Why are we still asking fat women to dress in all black like a Victorian widow to look slim? Why are we still letting magazines get away with their “Look Instantly Thinner” How-Tos? The only thing such ‘advice’ tells women (of all sizes, in fact) is that their ultimate goal should be to look thin. There aren’t much words wasted on being comfortable in one’s own body and being proud of whatever one chooses to wear.
This is not to say that plus sized fashion remains limited to shapeless, baggy, and lackluster fabrics disguising themselves as clothes. The body-positive community has long been at the forefront of this battle. As plus sized representation in the media increases, so does the demand for more inclusive size options.

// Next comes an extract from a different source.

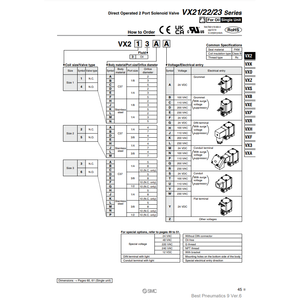 Électrovanne pneumatique SMC VX213AGXB - Product Image 3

Some good examples from recent pop culture would be Annie, the protagonist of Hulu’s Shrill, and Kat Hernandez from HBO’s teen drama Euphoria. Annie (played by the brilliant Aidy Bryant- who has now started her own plus sized clothing line) regularly wears brightly colored clothes, her dresses usually end up above her knees and while Annie does sometimes go down the path of hide don’t show, she also shines in her shimmering sequined dress and her cute button downs. Kat does go through a makeover, but it is hardly the trademark Hollywood makeover that you’d expect. It is refreshing to see a fat girl transformation on TV without the drastic weight loss montage. Kat rocks tight fitted clothes as brilliantly as she rocks deep necks.
Plus sized fashion bloggers like Amena Azeez (@fashionopolis.in) and Tanvi Geetha Ravishankar (@thechubbytwirler) have shown, time and again, that being fat and fashionable aren’t mutually exclusive. Earlier this year, at the Lakmé Fashion Week Winter/Festive 2019, Rixi and Tinka Bhatia unveiled their plus sized collection “Gulab Bagh”. The sisters also run an online store called ‘half Full CURVE’ which offers a wide range of sizes to their customers.

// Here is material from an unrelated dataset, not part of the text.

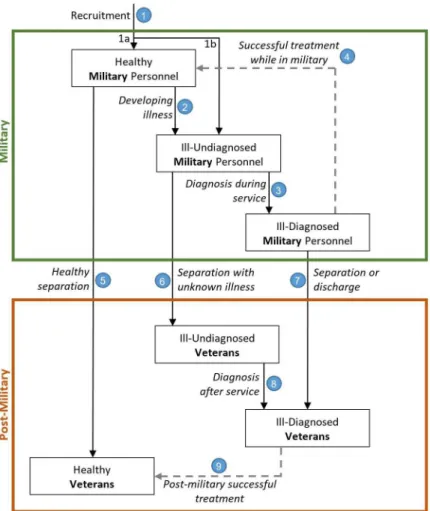 Fig 1. A simplified representation of the PTSD model of the “Military/Post-Military” system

Also read: Reclaiming My Fat Body From The Fatphobes
While all of this is surely a cause for celebration, plus size fashion still largely remains restricted to either online stores like SHEIN, StalkBuyLove or to an expensive designer label, whose target demographic is usually urban, upper class women. What few retail stores do sell in lieu of plus sized clothing tends to be on the lower side of what is typically considered to be plus sized.
Why are we still asking fat women to dress in all black like a Victorian widow to look slim? Why are we still letting magazines get away with their “Look Instantly Thinner” How-Tos? The only thing such ‘advice’ tells women (of all sizes, in fact) is that their ultimate goal should be to look thin.

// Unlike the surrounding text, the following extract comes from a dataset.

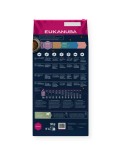 Hundefutter Eukanuba Grain Free Puppy Large&Giant Lamb Lamm 12 kg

Plus size models have it worse. In India, even more so. Not only they have to fight trolls at every turn, they also get paid less or none at all. Neha Parulkar, a plus size model from Mumbai told Huffington Post, “At Lakmé Fashion Week, brands would pay thin models, but wouldn’t pay plus-sized ones because they thought, and still think, that they’re are giving us exposure, and we need them, they don’t need us. Even when they do pay, brands pay thin models way more than us. Most brands just want to give us their clothes in exchange for our work. My first paid assignment was in 2017, and I was so thrilled because more than the money it was about knowing that my work and I were of value.”
On paper, up and coming designers and brands do somewhat understand the need for more size-inclusive options, but their shelves and stores fail to reflect the same. While their supposed inclusive body positive campaigns are lauded on social media, their size charts often remain limited to an XXL.
Body positivity doesn’t need to be a marketing tool for designers and brands. Fat women do not need to settle for token fat fashion. They have always been fashionable and will continue to be. If there isn’t a space for them to express themselves, they will form one. If existing brands won’t cater to their needs, they will, much like Bryant, create their own.